Lord Dufferin is a warm admirer of Mr. Browning's genius. He also held him in strong personal regard.
In the summer of 1869 the poet, with his sister and son, changed the manner of his holiday, by joining Mr. Story and his family in a tour in Scotland, and a visit to Louisa, Lady Ashburton, at Loch Luichart Lodge; but in the August of 1870 he was again in the primitive atmosphere of a French fishing village, though one which had little to recommend it but the society of a friend; it was M. Milsand's St.-Aubin. He had written, February 24, to Miss Blagden, under the one inspiration which naturally recurred in his correspondence with her.
'. . . So you, too, think of Naples for an eventual resting-place! Yes, that is the proper basking-ground for "bright and aged snakes." Florence would be irritating, and, on the whole, insufferable—Yet I never hear of any one going thither but my heart is twitched. There is a good, charming, little singing German lady, Miss Regan, who told me the other day that she was just about revisiting her aunt, Madame Sabatier, whom you may know, or know of—and I felt as if I should immensely like to glide, for a long summer-day through the streets and between the old stone-walls,—unseen come and unheard go—perhaps by some miracle, I shall do so—and look up at Villa Brichieri as Arnold's Gypsy-Scholar gave one wistful look at "the line of festal light in Christ Church Hall," before he went to sleep in some forgotten grange. . . . I am so glad I can be comfortable in your comfort. I fancy exactly how you feel and see how you live: it is the Villa Geddes of old days, I find. I well remember the fine view from the upper room—that looking down the steep hill, by the side of which runs the road you describe—that path was always my preferred walk, for its shortness (abruptness) and the fine old wall to your left (from the Villa) which is overgrown with weeds and wild flowers—violets and ground-ivy, I remember. Oh, me! to find myself some late sunshiny Sunday afternoon, with my face turned to Florence—"ten minutes to the gate, ten minutes home!" I think I should fairly end it all on the spot. . . .'
He writes again from St.-Aubin, August 19, 1870:
'Dearest Isa,—Your letter came prosperously to this little wild place, where we have been, Sarianna and myself, just a week. Milsand lives in a cottage with a nice bit of garden, two steps off, and we occupy another of the most primitive kind on the sea-shore—which shore is a good sandy stretch for miles and miles on either side. I don't think we were ever quite so thoroughly washed by the sea-air from all quarters as here—the weather is fine, and we do well enough. The sadness of the war and its consequences go far to paralyse all our pleasure, however. . . .

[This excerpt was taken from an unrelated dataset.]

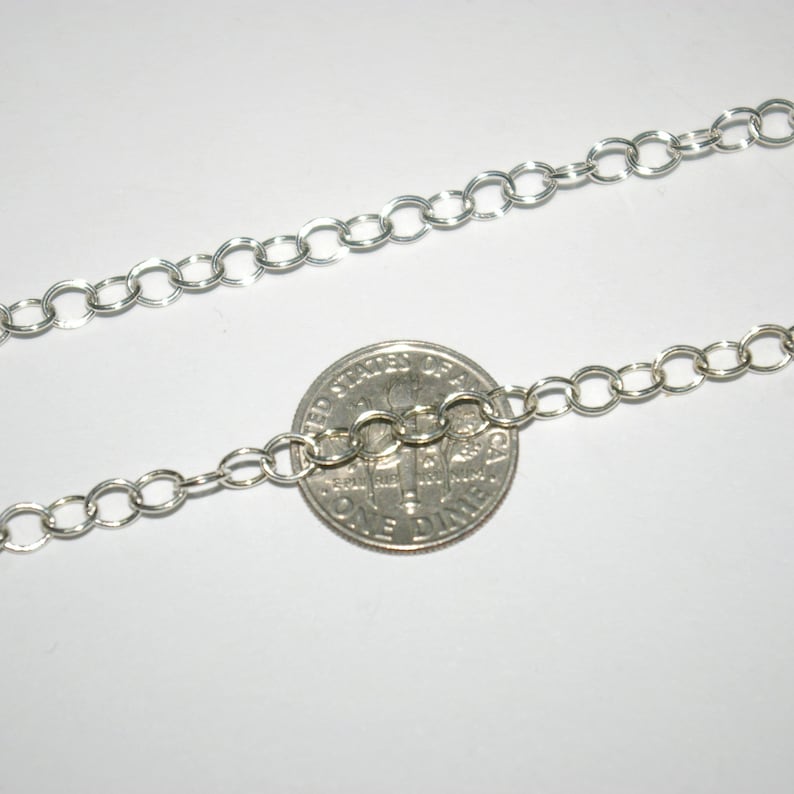 Genuine Italian Silver Free Shipping Worldwide WHOLESALE LOTS 4x5mm Oval Cable Chain 925 Sterling Silver BULK Continuous By the foot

'Well, you are at Siena—one of the places I love best to remember. You are returned—or I would ask you to tell me how the Villa Alberti wears, and if the fig-tree behind the house is green and strong yet. I have a pen-and-ink drawing of it, dated and signed the last day Ba was ever there—"my fig tree—" she used to sit under it, reading and writing. Nine years, or ten rather, since then! Poor old Landor's oak, too, and his cottage, ought not to be forgotten. Exactly opposite this house,—just over the way of the water,—shines every night the light-house of Havre—a place I know well, and love very moderately: but it always gives me a thrill as I see afar, exactly a particular spot which I was at along with her. At this moment, I see the white streak of the phare in the sun, from the window where I write and I think. . . . Milsand went to Paris last week, just before we arrived, to transport his valuables to a safer place than his house, which is near the fortifications. He is filled with as much despondency as can be—while the old dear and perfect kindness remains. I never knew or shall know his like among men. . . .'
The war did more than sadden Mr. and Miss Browning's visit to St.-Aubin; it opposed unlooked-for difficulties to their return home. They had remained, unconscious of the impending danger, till Sedan had been taken, the Emperor's downfall proclaimed, and the country suddenly placed in a state of siege. One morning M. Milsand came to them in anxious haste, and insisted on their starting that very day. An order, he said, had been issued that no native should leave the country, and it only needed some unusually thick-headed Maire for Mr. Browning to be arrested as a runaway Frenchman or a Prussian spy. The usual passenger boats from Calais and Boulogne no longer ran; but there was, he believed, a chance of their finding one at Havre. They acted on this warning, and discovered its wisdom in the various hindrances which they found on their way. Everywhere the horses had been requisitioned for the war. The boat on which they had relied to take them down the river to Caen had been stopped that very morning; and when they reached the railroad they were told that the Prussians would be at the other end before night. At last they arrived at Honfleur, where they found an English vessel which was about to convey cattle to Southampton; and in this, setting out at midnight, they made their passage to England.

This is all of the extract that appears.